Het tekent de sfeer die er heerste vorige week in De Panne. Zestien Rode Duivels begonnen er aan de WK-voorbereiding met een zuurstofkuur aan zee en veel verzorging. Gisteren (dinsdag) mondde die zachte aanloop uit in de laatste oefeninterland op eigen bodem. Vandaag (woensdag) maakt bondscoach Robert Waseige zijn definitieve selectie van 23 spelers voor het WK bekend.

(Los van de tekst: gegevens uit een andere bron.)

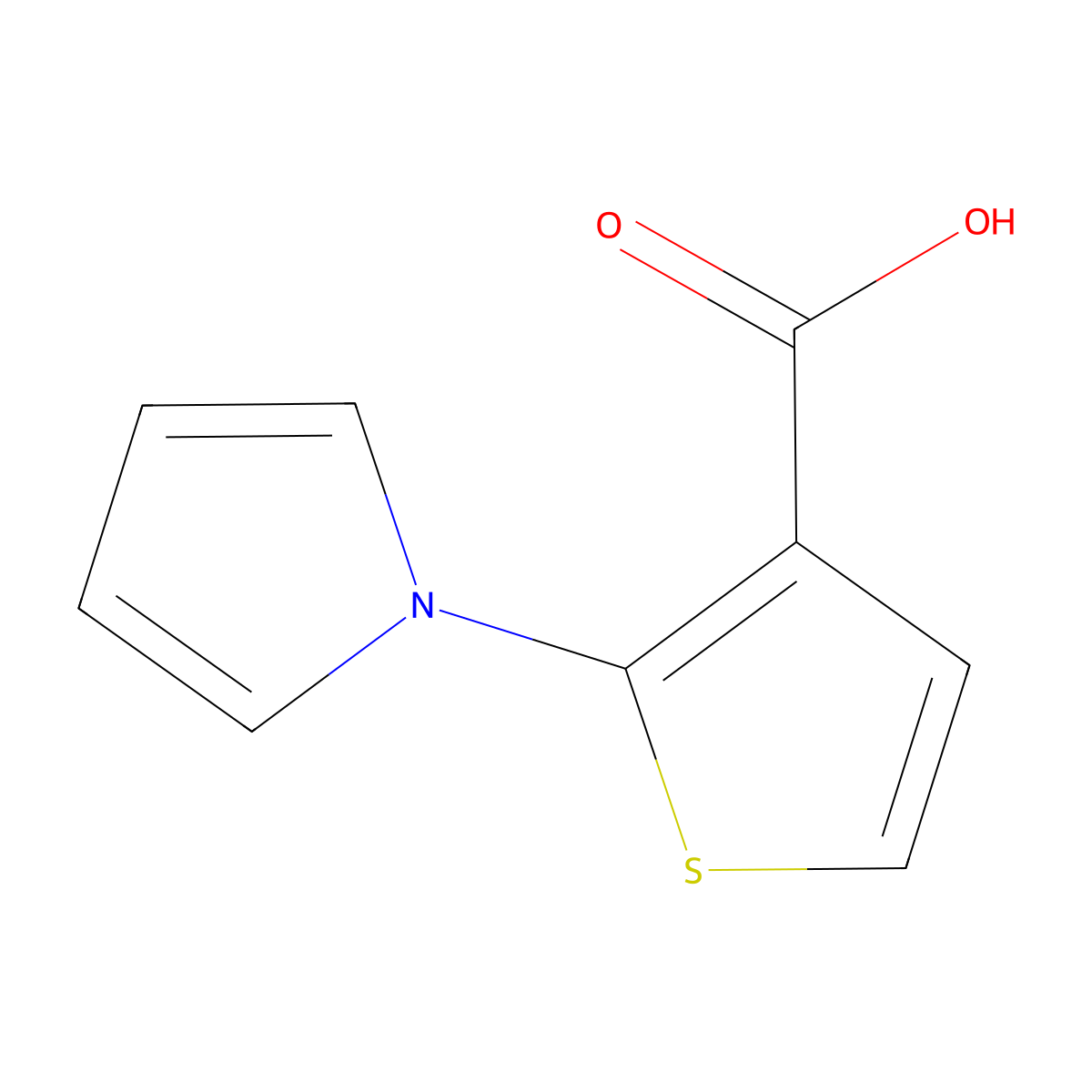 2-(1H-Pyrrol-1-yl)thiophene-3-carboxylic acid molecular structure, CAS 79242-76-5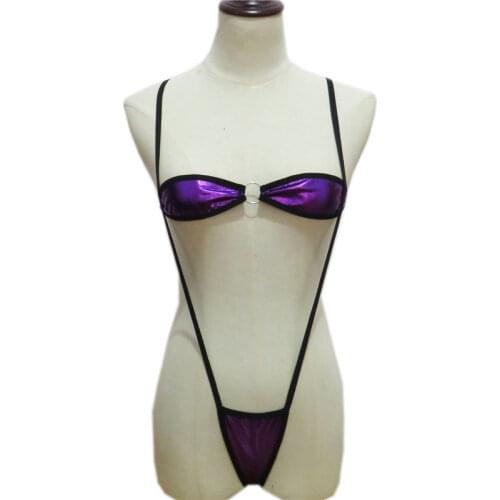 Sexy bikini plus size swimwear women swimsuit women biquini bikinis Solid color Patent leather Lace adjustable metal ring String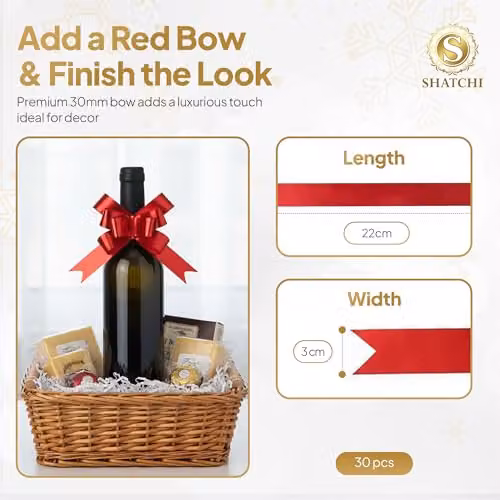 Shatchi 30pcs Red 30mm Pull Bows for Party, Wedding and Birthday Decorations – 2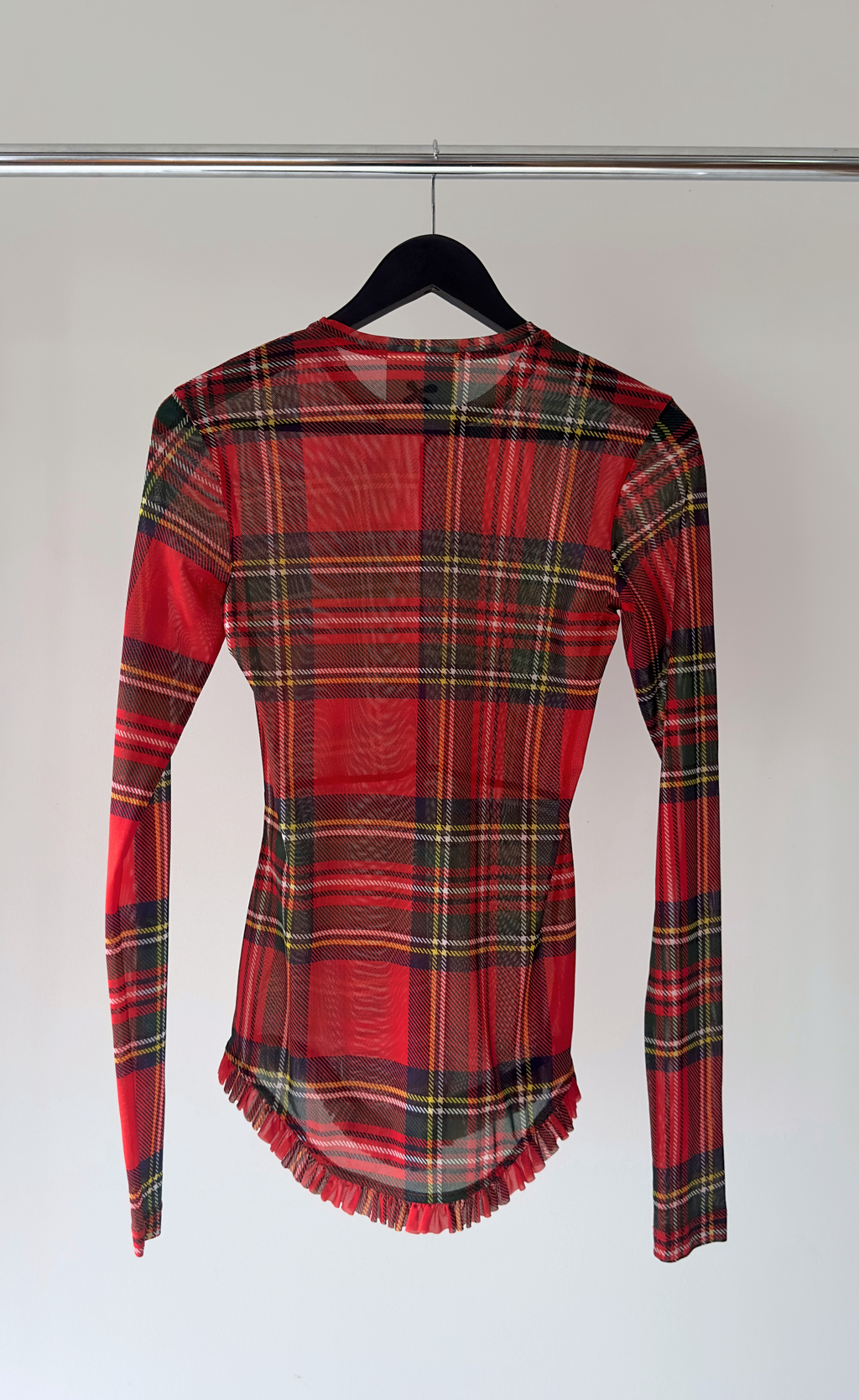 Molly Goddard – Check Long Sleeve Polyester Top, Size 8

Zeker van zijn plaats in die kern is Bart Goor (29). Samen met De Vlieger is Goor de enige Rode Duivel die alle kwalificatiewedstrijden voor het WK speelde. De relatieve rust waarmee de voorbereiding van start ging, stemt hem tevreden. “Je kan moeilijk verwachten dat iedereen al voluit de blik op Japan richt, daar is nog tijd genoeg voor. Iedereen kan nu best wat rust gebruiken om de batterijen op te laden.” Dat ze aan zee niet eens een voetbalveld opstapten, vindt hij niet slecht. “Het is tijd voor wat anders, voor plezante dingen.”

Bart Goor heeft er zijn eerste seizoen in de Bundesliga opzitten. Het begin was moeilijk, niet alleen voor hemzelf, maar voor de hele ploeg. Er kwam een trainerswissel en uiteindelijk werd het kampioenschap nog afgesloten op een mooie vierde plaats. Hertha Berlijn pakte zelfs nog vijf punten meer dan vorig seizoen. “Ik heb vrij veel gespeeld”, zegt Goor. “Als je er rekening mee houdt dat het eerste jaar toch altijd aanpassen is, mag ik tevreden zijn. Alleen spijtig dat we weer geen Champions League halen. De punten die we daarvoor tekort schoten, hebben we in de eerste ronde laten liggen tegen ploegen die helemaal achteraan stonden. In de duels met rechtstreekse concurrenten haalden we goede punten.”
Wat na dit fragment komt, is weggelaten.